Hoya is calling there lens an "integrated double surface' lens to help get across the point that it is easy to just 'free form' both surfaces of a lens, much more difficult to have the front and back 'free form' surfaces interact with each other perfectly.  that is one major key to their success.  Just because a lens is produced on a free form generator does not make it good.  The software calculations are the magic, and so far, from what i have seen and even read on optiboard, i can't see that anything comes even close to the technology in this lens.

----------


## Barry Santini

I agree that the premise of the Hoya ID design is superior, but I will wait for field experience (my own included) before I make a judgement.

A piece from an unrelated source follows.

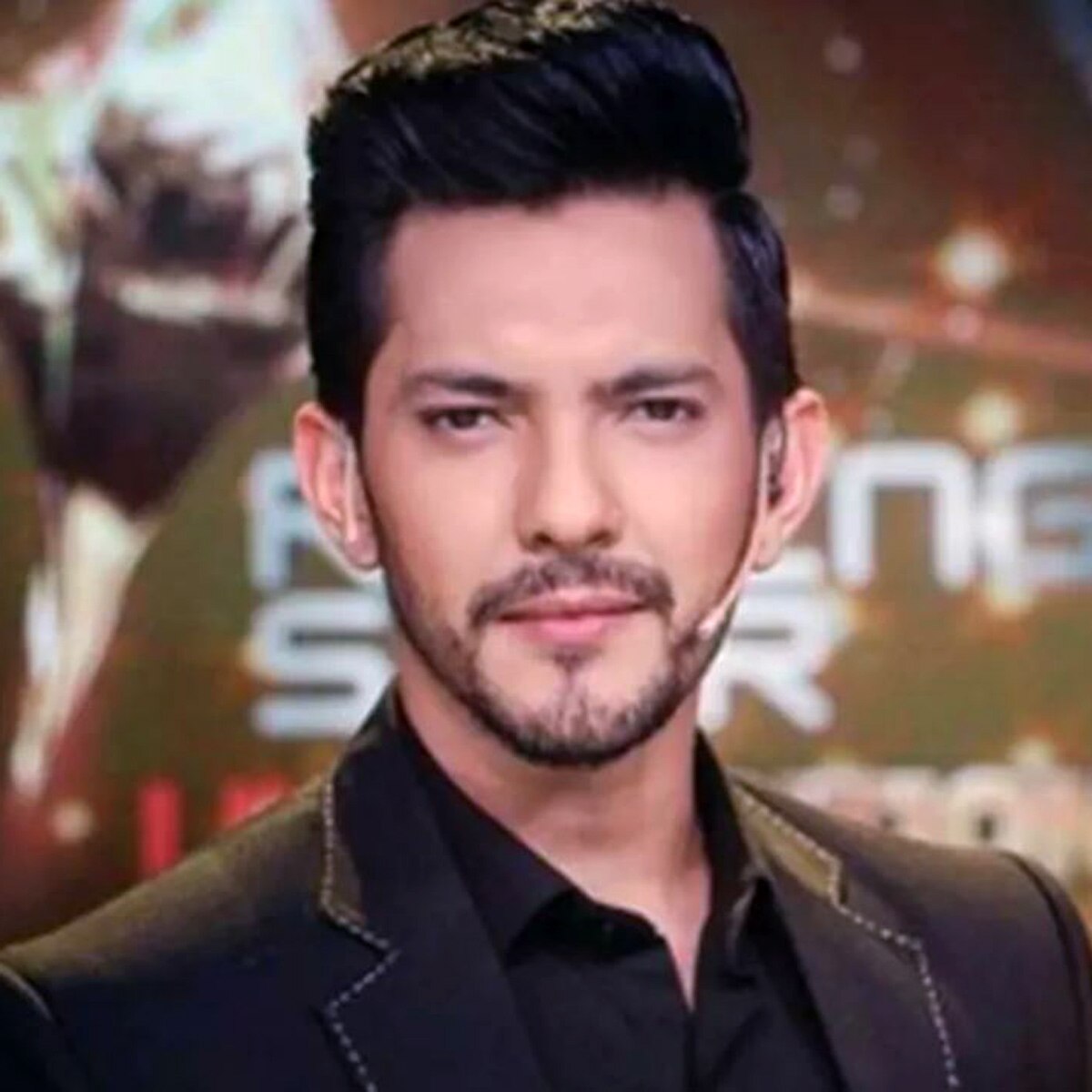 आदित्य नारायण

I prefer the term *non-representative* to incorrect when referring to parameter determination.  

I'm not really sure how *representative* our pupilometers are!

Barry

----------


## rdcoach5

> The HOYA ID is everything they say it is. I have several success stories of Zeiss Individual wearers that are now in the ID and much happier. And when they received their Zeiss lenses, they thought it would never get better.

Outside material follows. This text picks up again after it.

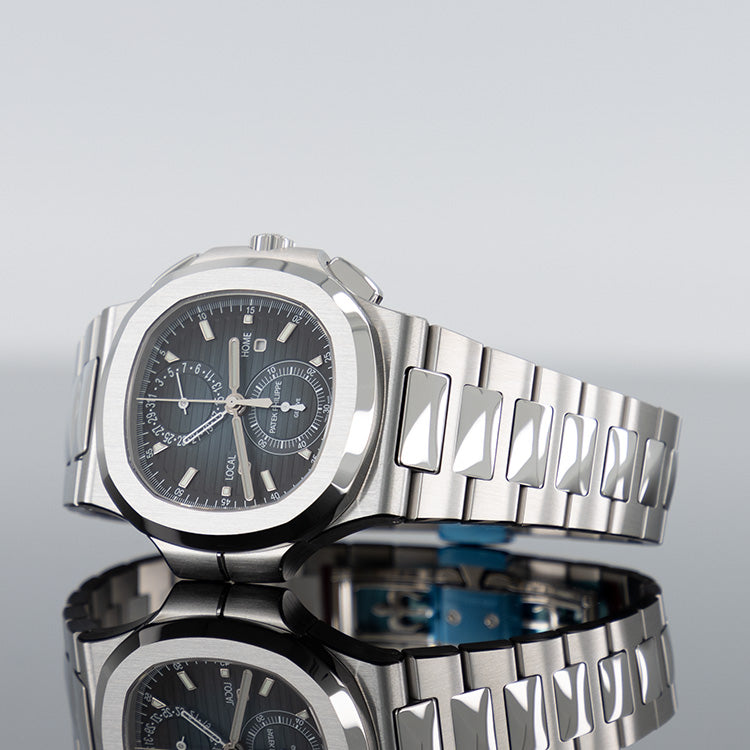 Patek Philippe Nautilus 5990/1A — Blue Dial Steel 40.5mm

Blackbirdy, Please tell us more about your patients who have tried both Zeiss Individual and then Hoya ID and liked the ID better.For example, was the Rx the same? Frame and fitting ht similar? Ant other free-forms to compare? How long did they have their Zeiss lenses?
        Bob Taylor

----------


## Darryl Meister

> The entire lens is a completely 'individual' composition based upon rx parameters plugged into the software. with the zeiss lens, extra measurements are required for 'optimization' but these can also be supplied with the ID.


Is this in fact true? I haven't seen any information from Hoya suggesting that Hoyalux iD is customized for the wearer's actual position of wear (or even for their basic prescription)...? Do these lenses also come with compensated prescriptions then?

----------


## AWTECH

Blackbirdy4444 said:


> Hoya is calling there lens an "integrated double surface' lens to help get across the point that it is easy to just 'free form' both surfaces of a lens, much more difficult to have the front and back 'free form' surfaces interact with each other perfectly. that is one major key to their success. Just because a lens is produced on a free form generator does not make it good. The software calculations are the magic, and so far, from what i have seen and even read on optiboard, i can't see that anything comes even close to the technology in this lens.

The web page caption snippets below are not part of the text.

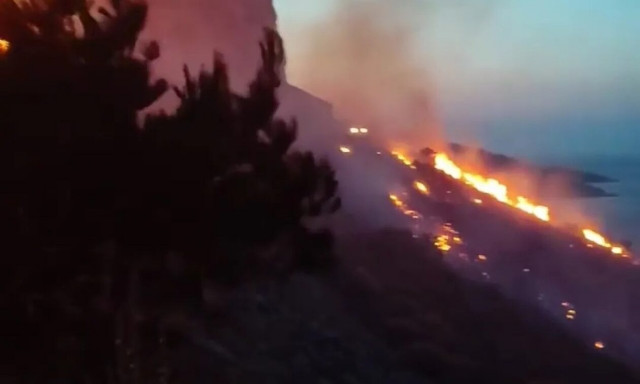 Λέρος: Πυρκαγιά στην περιοχή του Κάστρου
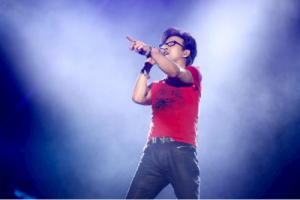 汪峰《无处安放吉他谱》C调弹唱六线谱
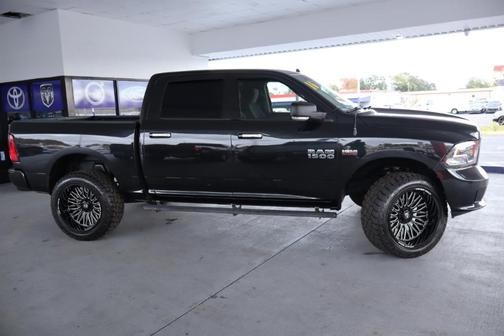2016 RAM 1500 SLT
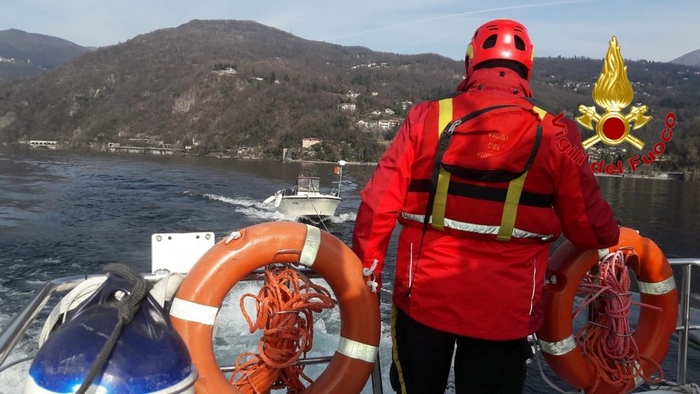 Ragazzo sorpreso dal vento si ribalta con la barca a vela, recuperato dai vigili del fuoco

There is alot of technology in this lens but this does not prove that it manages the astigmatism and power error better than another individualized lens.  It is a different approach and a very costly way to accomplish a lens design.  A spherical front curve offers the best cosmetics and with a proper design can be individualized and manage the power error and astigmatism as well if not better than a dual side design.

----------


## Robert Martellaro

> There is alot of technology in this lens but this does not prove that it manages the astigmatism and power error better than another individualized lens. It is a different approach and a very costly way to accomplish a lens design.


Allen,

You might find this piece written by Mo Jalie interesting.

http://www.danskoptometri.dk/artikle...generation.pdf




> A spherical front curve offers the best cosmetics


I would think a flatter aspheric front curve would be an advantage in this respect, especially in plus powers.

----------


## Darryl Meister

> There is alot of technology in this lens but this does not prove that it manages the astigmatism and power error better than another individualized lens. It is a different approach and a very costly way to accomplish a lens design.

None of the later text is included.